> Instructions for the task:
Please set out each line below exactly as it stands, without the images.

(Records from a data collection)
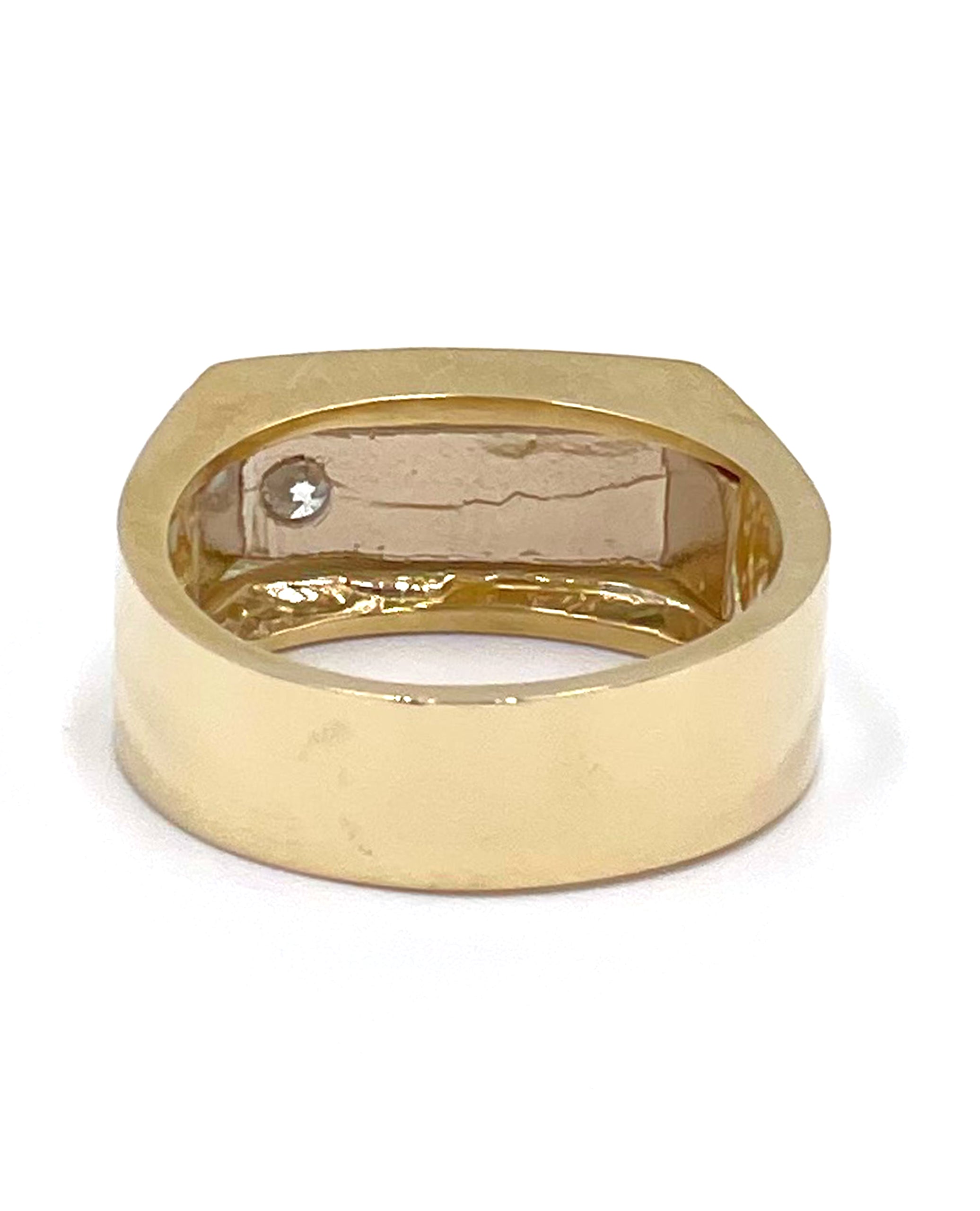 14K White & Yellow Gold Men's Ring with Diamond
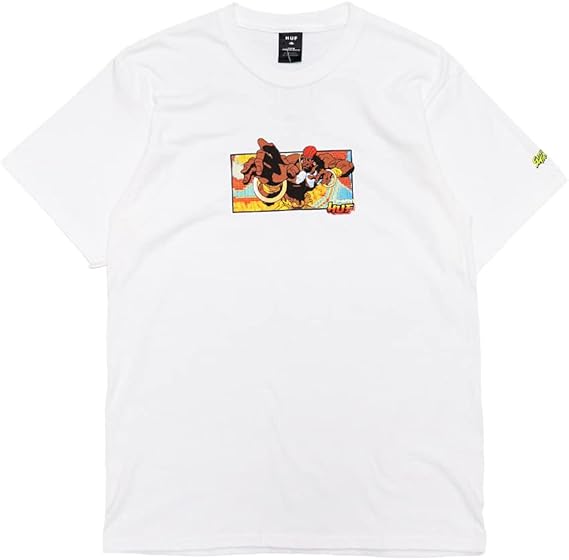 Amazon Huf ハフ メンズ Tシャツ ストリートファイター2 S S Tee Copcom 半袖tシャツトリプルトライアングルロゴ コラボ ゲーム リュウ チュンリー 並行輸入品 Tシャツ カットソー 通販
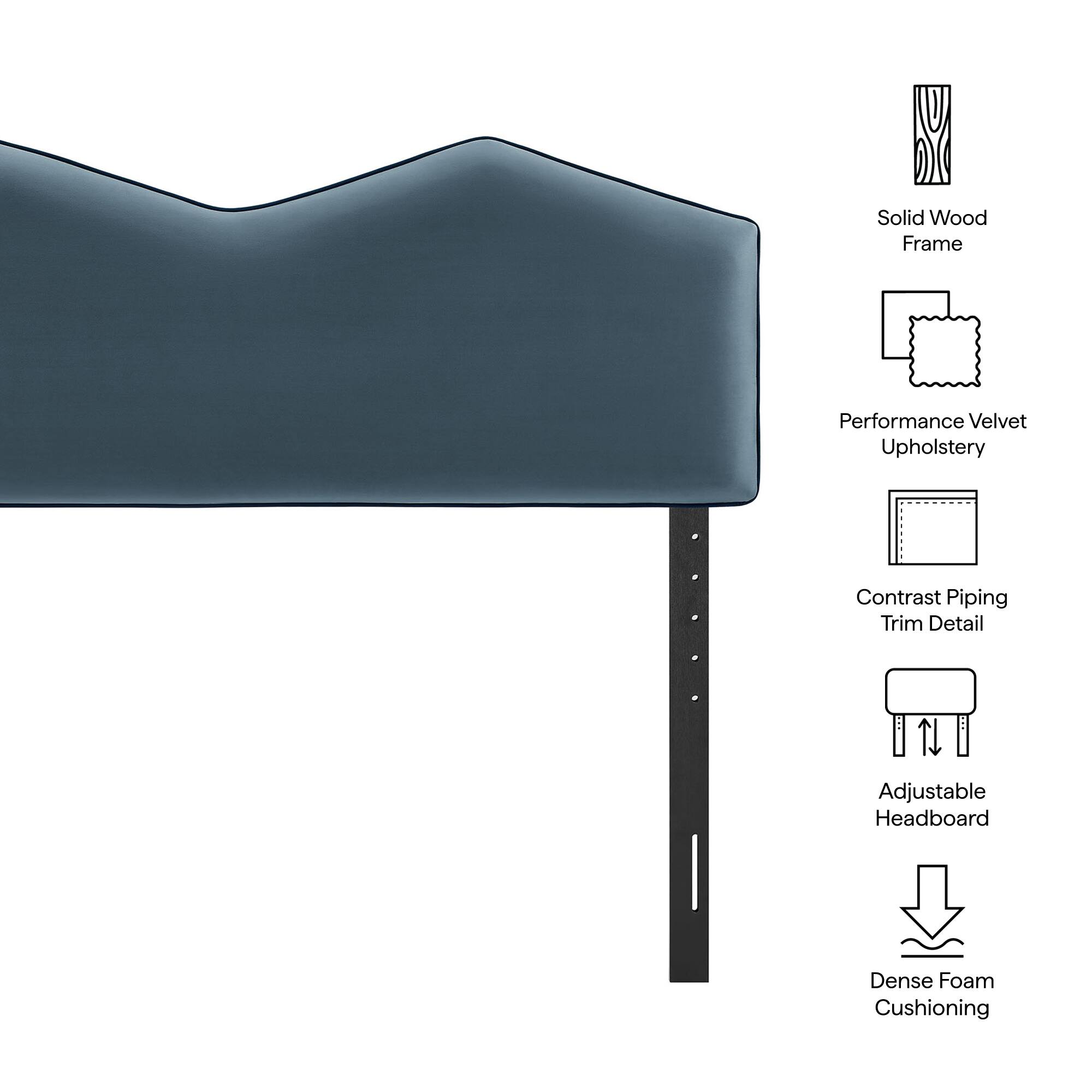 Solid Wood Frame  
Performance Velvet Upholstery  
Contrast Piping Trim Detail  
Adjustable Headboard  
Dense Foam Cushioning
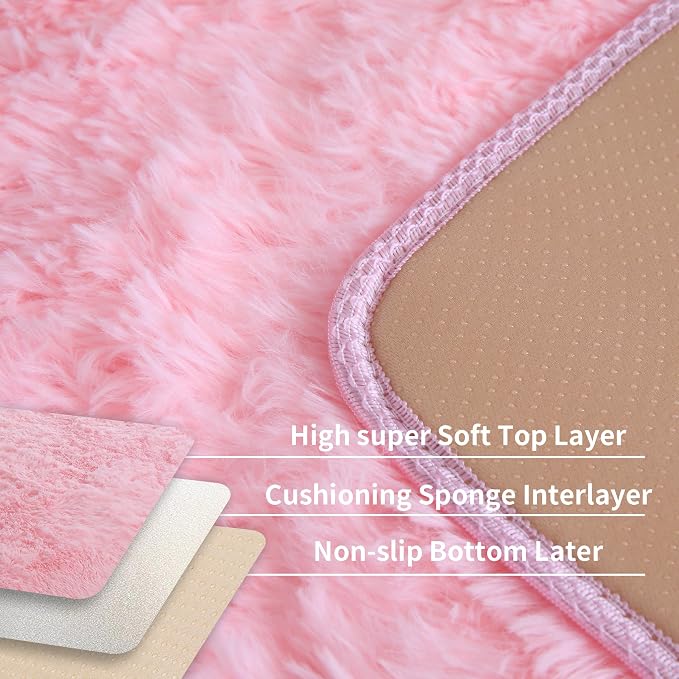 3x5 Pink Fluffy Shag Rug for Girls Bedroom, Plush Washable Carpet | Area Rug - Image 4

> Result of this task:
 14K White & Yellow Gold Men's Ring with Diamond
 Amazon Huf ハフ メンズ Tシャツ ストリートファイター2 S S Tee Copcom 半袖tシャツトリプルトライアングルロゴ コラボ ゲーム リュウ チュンリー 並行輸入品 Tシャツ カットソー 通販
 Solid Wood Frame  
Performance Velvet Upholstery  
Contrast Piping Trim Detail  
Adjustable Headboard  
Dense Foam Cushioning
 3x5 Pink Fluffy Shag Rug for Girls Bedroom, Plush Washable Carpet | Area Rug - Image 4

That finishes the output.